Figure 2.

Exosomes-mediated transfer of ITGA2 in PCa cells. (A) Exosomal uptake of exosomes derived from PC-3 (Exo^PC3, 10 µg/mL) labeled with PKH67 in C4-2B and CWR-R1ca cells. The green color of microbodies indicates exosomal uptake by recipient cells, and the blue color represents nuclear staining by DAPI. (B,C). Optimization of exosomes-mediated transfer in recipient cells. About 20 μg protein lysates were collected from CWR-1Rca (B) and E006AA-hT (C) cells, after their incubation with 0, 5, and 20 μg/mL Exo^PC-3 for 48 h. Meanwhile, 20 μg protein lysate collected from CWR-1Rca and E006AA-hT cells previously incubated with 20 µg/mL Exo^PC-3 for 18, 24, and 48 h.

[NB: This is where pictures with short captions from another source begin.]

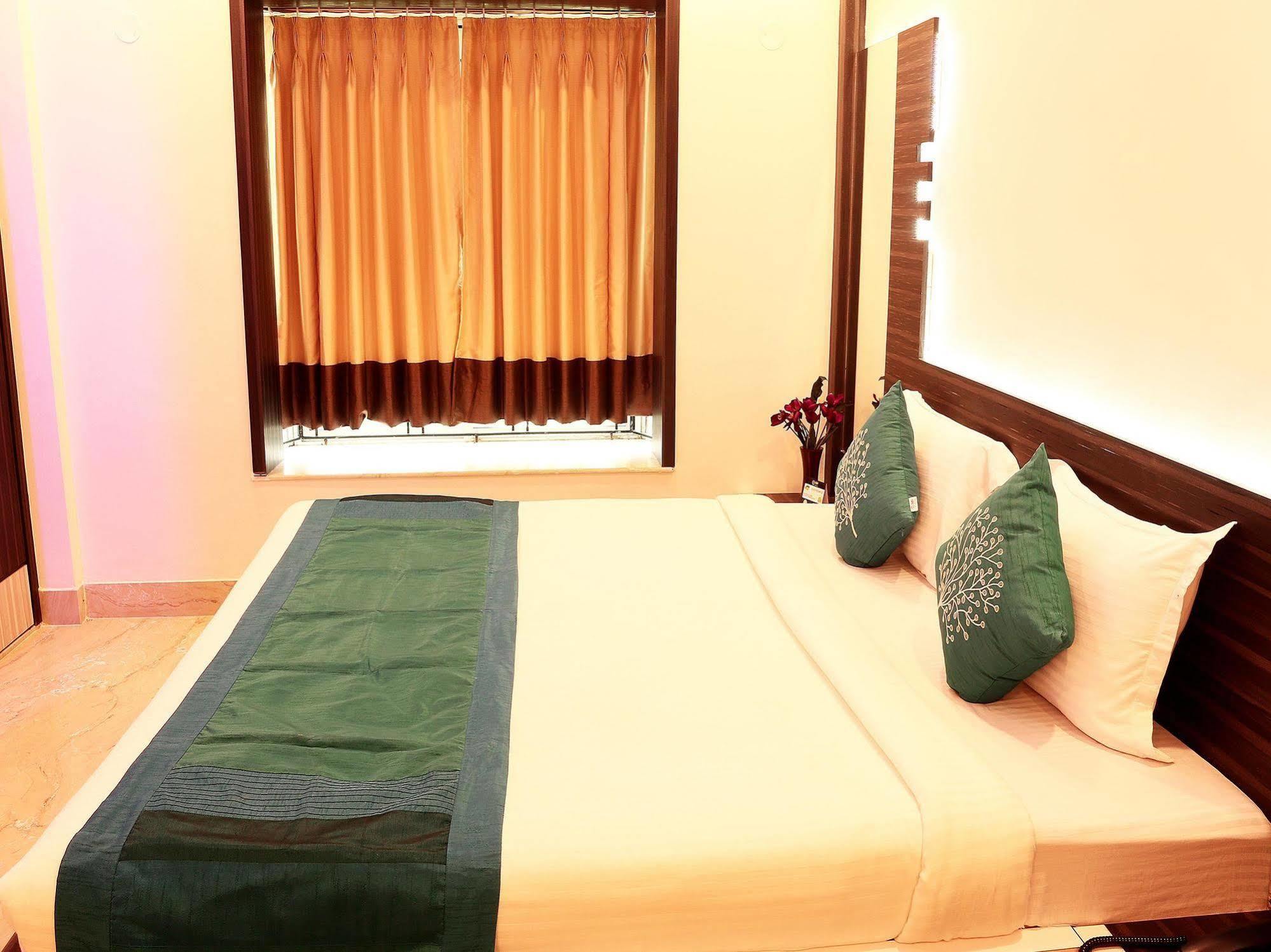 Hotel Narayani Enclave Колката Екстериор снимка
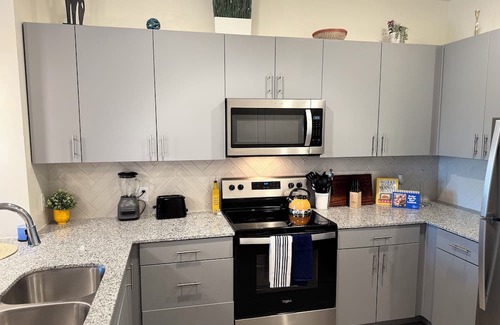 Wetmore Apartment | Amazing Hill Country Vue, Home, pool, pet friendlyn
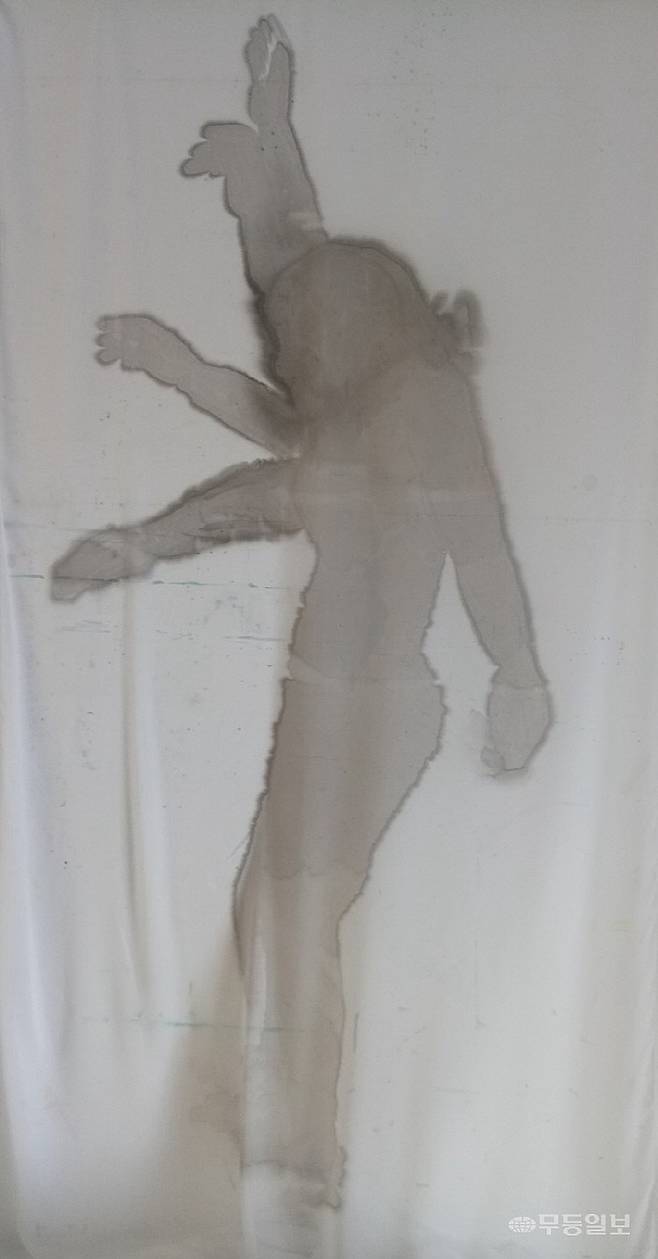 정정엽作 '몸짓5-손짓'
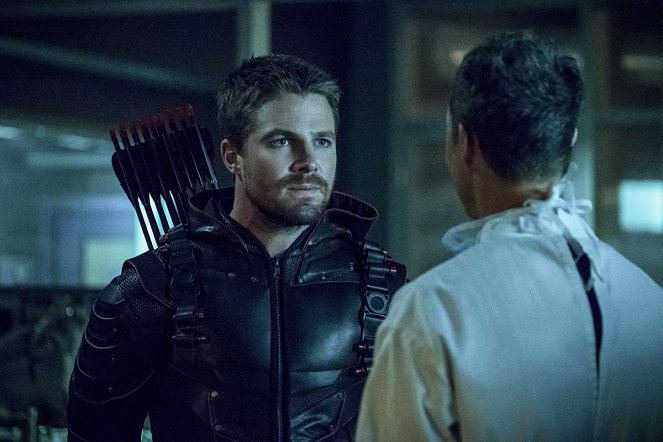 The Flash - Crisis on Earth-X, Part 3 - Van film - Stephen Amell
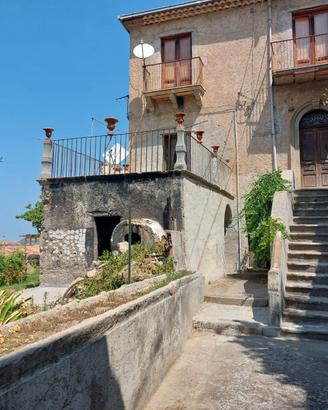 Villa semiresinziale a Sant' Angelo di Brolo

The membranes were probed with anti-ITGA2, anti-vimentin, anti-FAK and anti-pERK1/2 antibodies in addition to anti-GAPDH as a loading control protein. (D) Immunoblot (IB) analysis for C4-2B cells incubated with 20 μg/mL exo^PC-3 for 24 h showing ITGA2 expression. (E) IB analysis for protein lysate collected from C4-2B and E006AA-hT cells treated without or with 2.5 mM MβCD in the presence of 20 µg/mL exo^PC-3. (F) CWR-1Rca cells were treated with exo^PC−3 with or without 2.5 mM MβCD for cell proliferation (72 h) and cell migration (24 h). The experiments were repeated at least twice. Data are statistically significant at p < 0.05.